++++ Stored data ++++

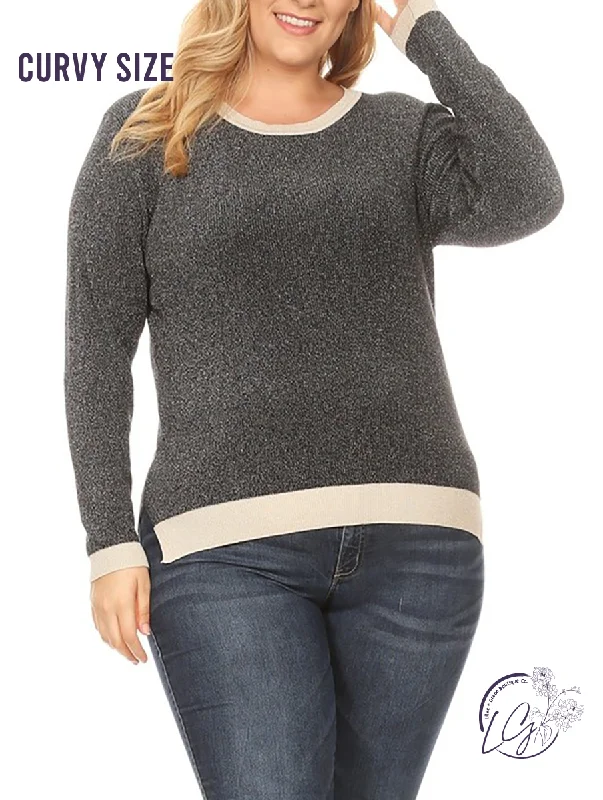 Curvy For Now Long Sleeve Bold Women's Statement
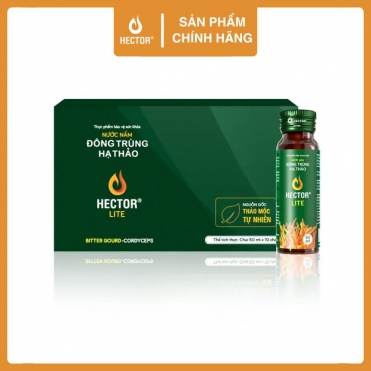 Nước nấm đông trùng hạ thảo Hector Lite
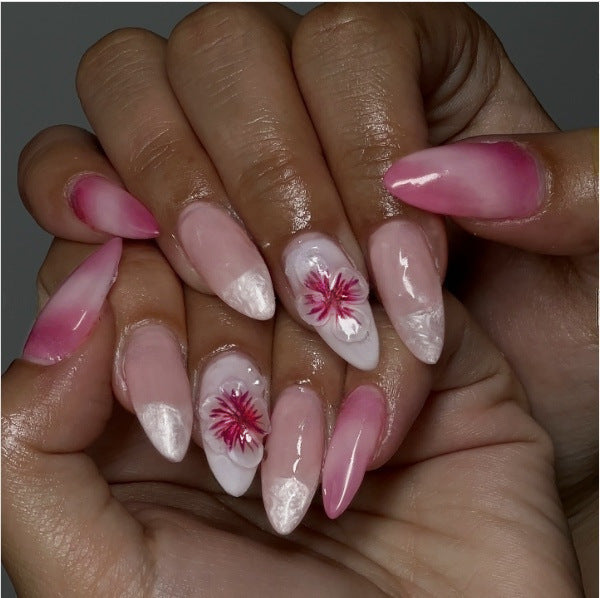 Premium Press-On Nail Set mit dekorativen Akzenten Karnz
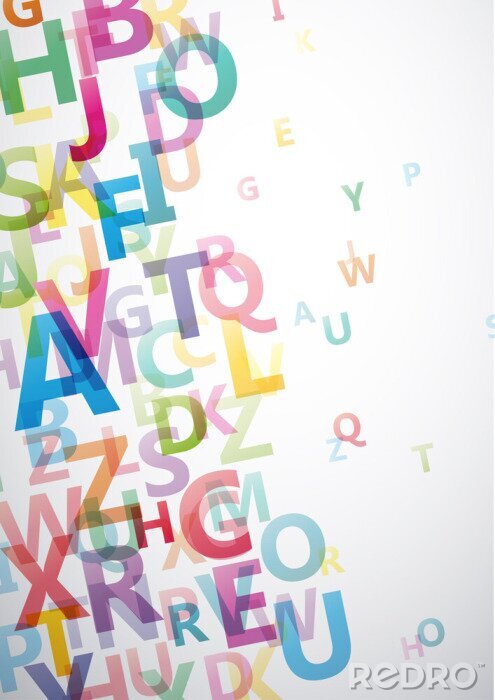 Poster Bunte Buchstaben des Alphabets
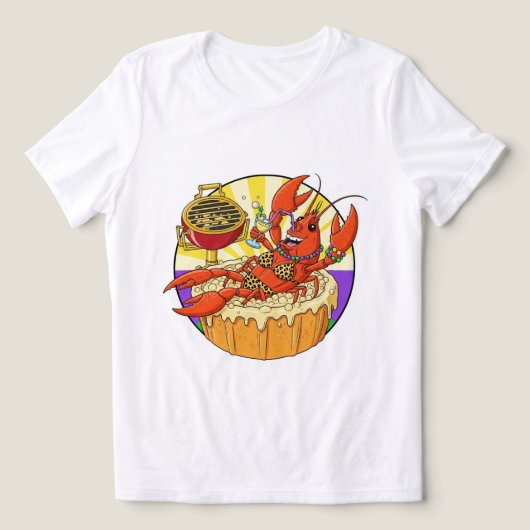 Royal Crawfish Boil Queen T-shirt! 👑🦞 Tri-Blend Shirt (Design voorkant)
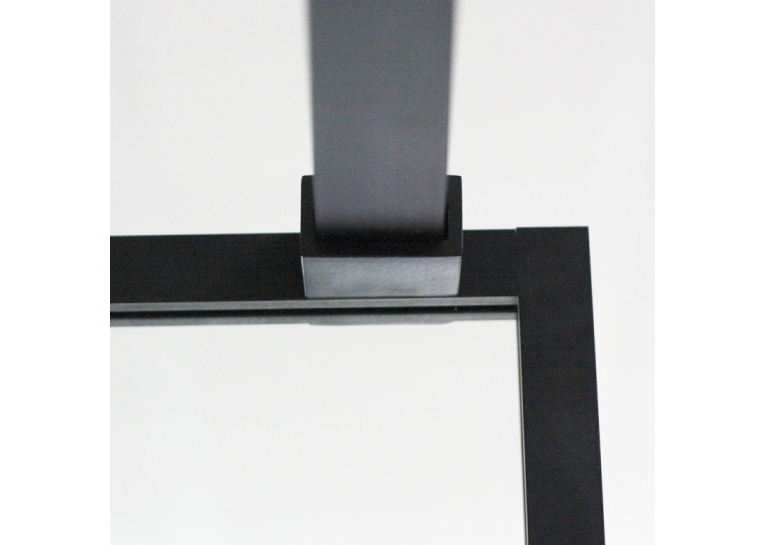  Душова перегородка Roth Philly Loft Sky 1200/2000 Black/Tran, PLS 12020 NP3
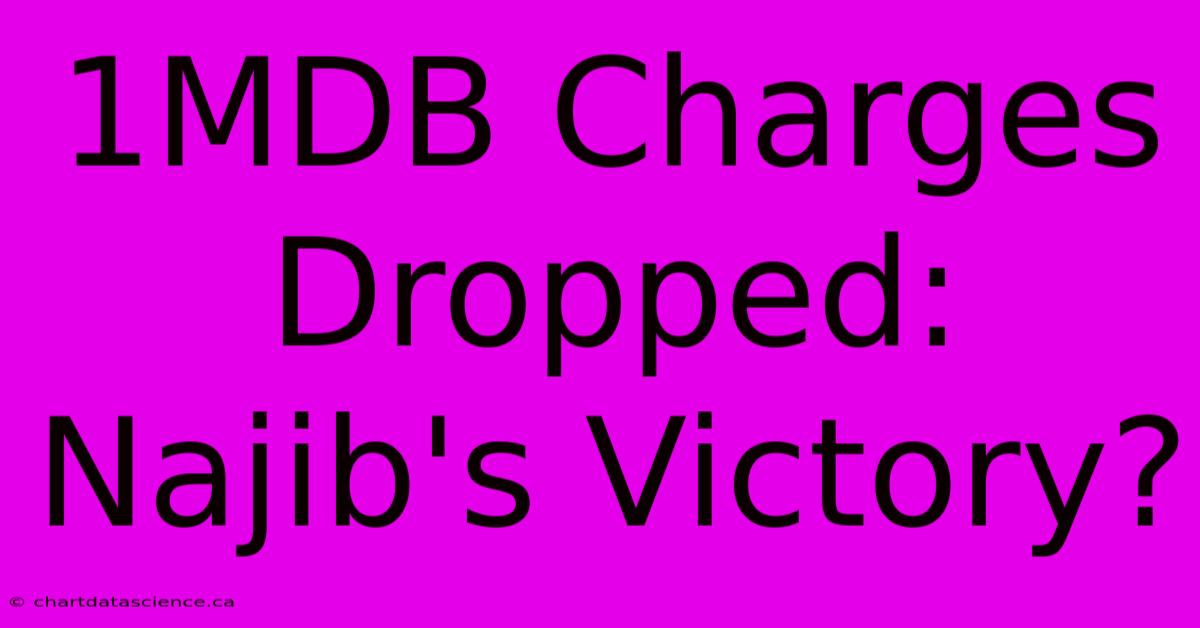 1MDB Charges Dropped: Najib's Victory?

++++

[Exercise requirements]
Output the records above unchanged, minus their pictures.

[Output of the exercise]
 Curvy For Now Long Sleeve Bold Women's Statement
 Nước nấm đông trùng hạ thảo Hector Lite
 Premium Press-On Nail Set mit dekorativen Akzenten Karnz
 Poster Bunte Buchstaben des Alphabets
 Royal Crawfish Boil Queen T-shirt! 👑🦞 Tri-Blend Shirt (Design voorkant)
  Душова перегородка Roth Philly Loft Sky 1200/2000 Black/Tran, PLS 12020 NP3
 1MDB Charges Dropped: Najib's Victory?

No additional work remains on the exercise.